PTC Asks Court to Reopen Cable Unbundling Complaint


LOS ANGELES: The Parents Television Council today said it filed an amicus with the U.S. Ninth Circuit Court of Appeals to hear a case for unbundling cable programming. Brantley v. NBC Universal is a class action antitrust suit filed with the court in Pasadena, Calif., naming NBCU, Viacom, Disney, Fox, Time Warner, Comcast DirecTV, EchoStar and others as defendants. The court tossed the case out last month, ruling that selling channel packages did not violate the Sherman Act.

The PTC said it was joined in its brief by several organizations, including the Consumer Federation of America, Concerned Women for America, Morality in Media, Family Research Council Action, Citizens for Community Values, Arizona Family Council, and Illinois Family Institute.
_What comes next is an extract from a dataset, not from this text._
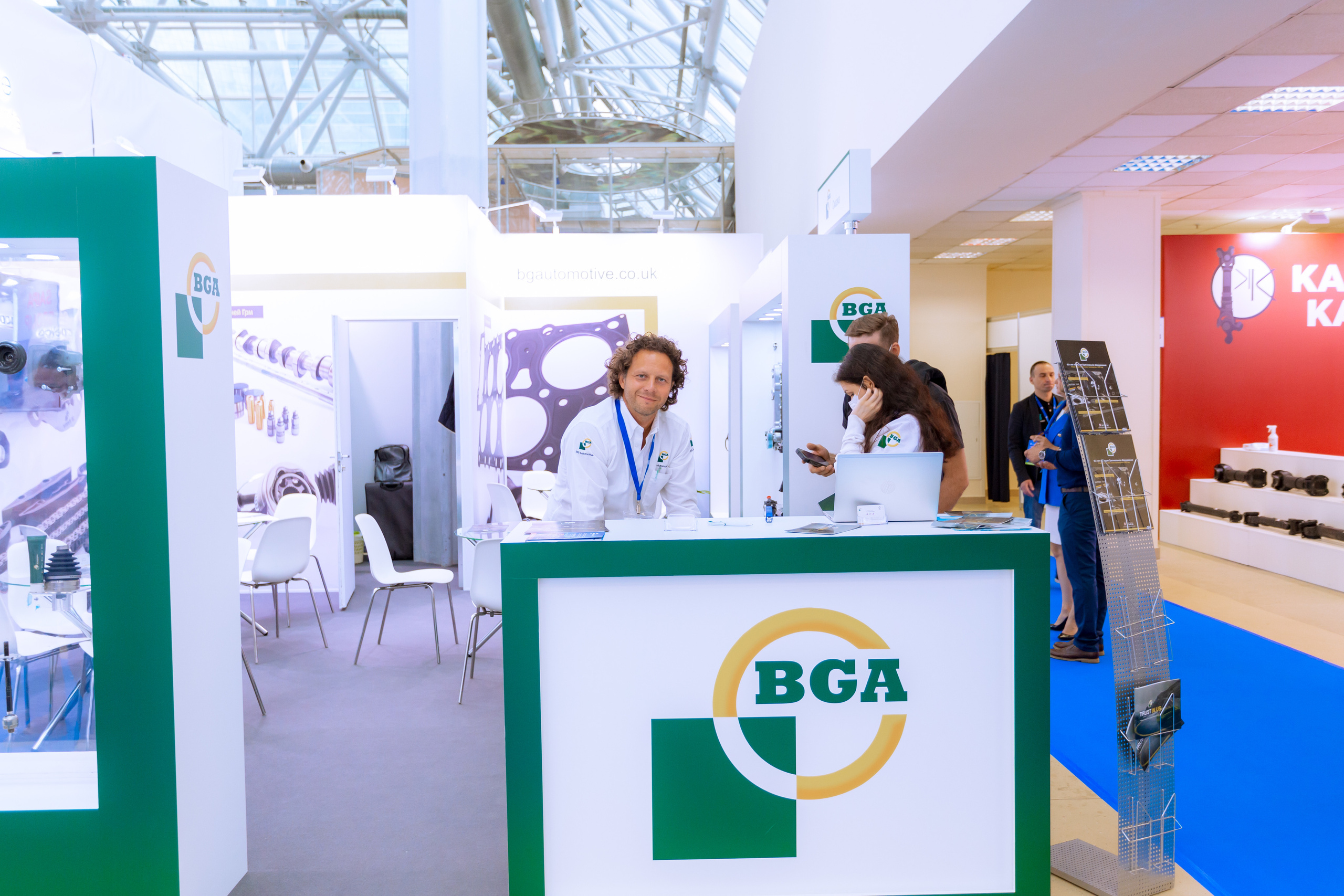 MIMS Automechanika Moscow 2021. ФОТО- И ВИДЕОСЪЁМКА МЕРОПРИЯТИЙ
“Currently, consumers who subscribe to cable and satellite television services are forced to buy bundles of cable network programming, much of which they do not want and do not watch,” PTC chief Tim Winter said.

The court dismissed the plaintiffs first complaint without prejudice on the grounds that it “failed to show that their alleged injured were caused by an injury to competition.”

The plaintiffs then amended their complaint and went after cable companies for squeezing out independent programmers. That proved too complicated and the group backed off, triggering a dismissal.

“The plaintiffs here have not explained how competition--rather than consumers--was injured by the widespread bundling practice,” Judge Sandra S Ikuta wrote. “The complaint included no allegations that programmers’ sale of cable channels in bundles has any effect on other programmers’ efforts to produce competitive programming channels or on distributors’ competition on cost and quality of service. In the absence of any allegation of injury to competition, as opposed to injuries to consumers, we conclude that plaintiffs have failed to state a claim for an antitrust violation.”